Start of EXERCISE MATERIAL
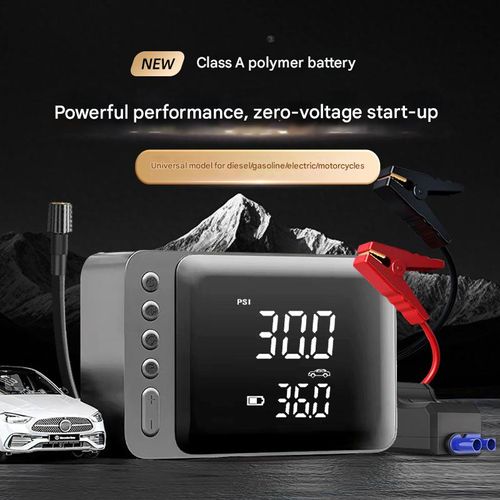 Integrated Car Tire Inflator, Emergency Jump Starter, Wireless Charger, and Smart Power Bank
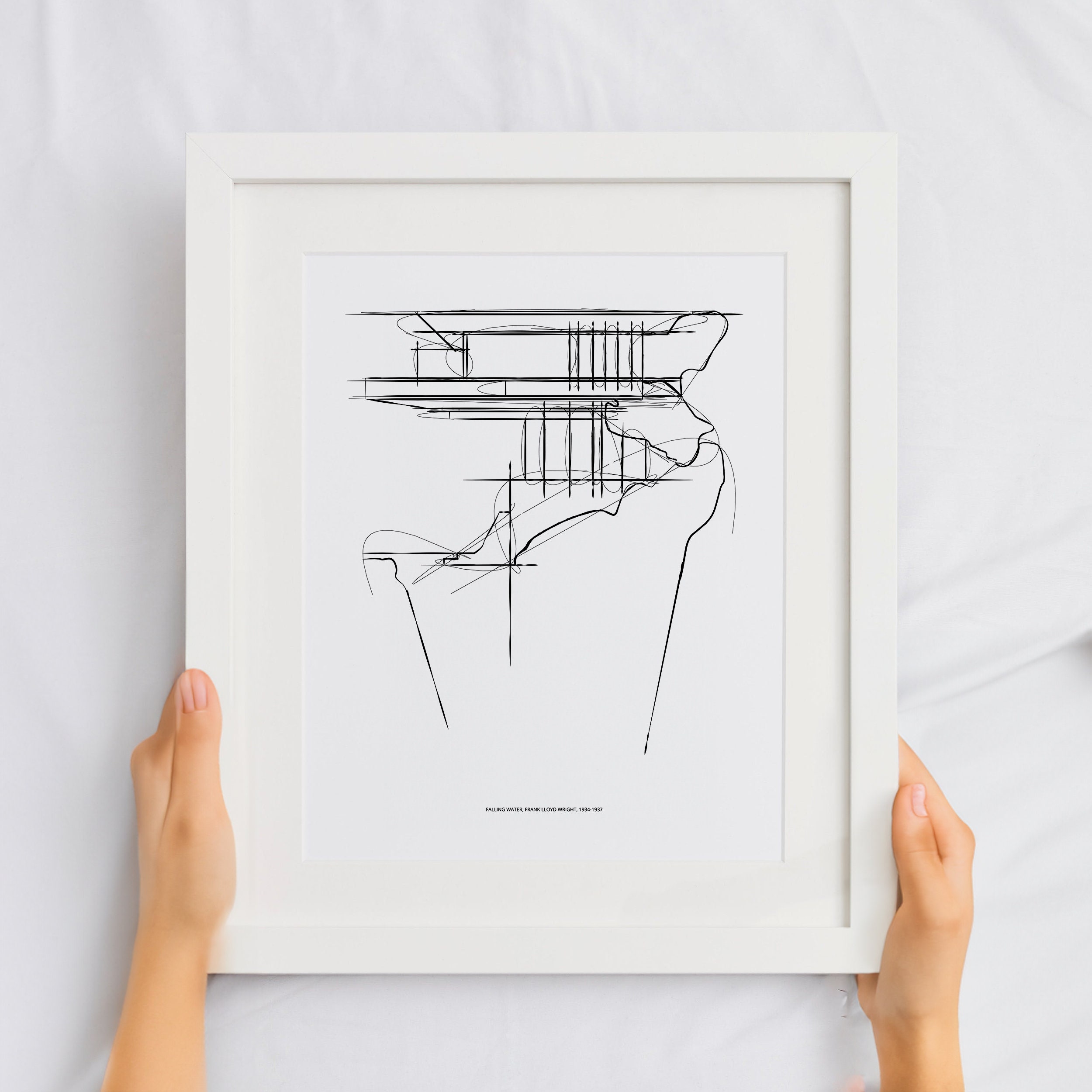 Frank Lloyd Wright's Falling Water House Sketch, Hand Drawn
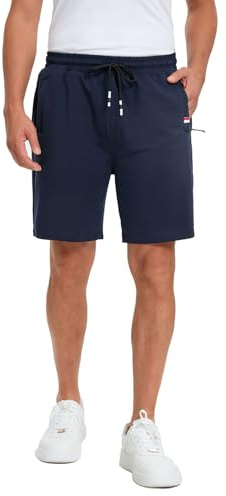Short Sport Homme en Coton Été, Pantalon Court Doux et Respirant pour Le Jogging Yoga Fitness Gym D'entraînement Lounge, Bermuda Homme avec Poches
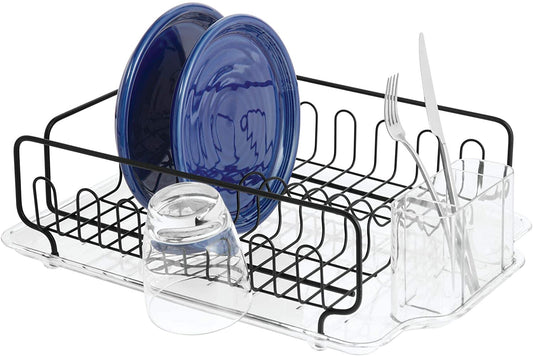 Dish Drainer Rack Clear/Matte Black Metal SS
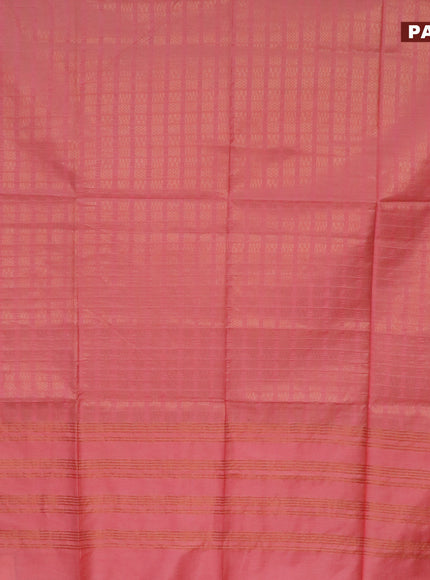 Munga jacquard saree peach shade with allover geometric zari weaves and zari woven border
End of EXERCISE MATERIAL
▸ PROMPT
A faithful copy of each entry is required, and no picture may be carried into it.

▸ THE COMPLETED TASK
 Integrated Car Tire Inflator, Emergency Jump Starter, Wireless Charger, and Smart Power Bank
 Frank Lloyd Wright's Falling Water House Sketch, Hand Drawn
Short Sport Homme en Coton Été, Pantalon Court Doux et Respirant pour Le Jogging Yoga Fitness Gym D'entraînement Lounge, Bermuda Homme avec Poches
 Dish Drainer Rack Clear/Matte Black Metal SS
 Munga jacquard saree peach shade with allover geometric zari weaves and zari woven border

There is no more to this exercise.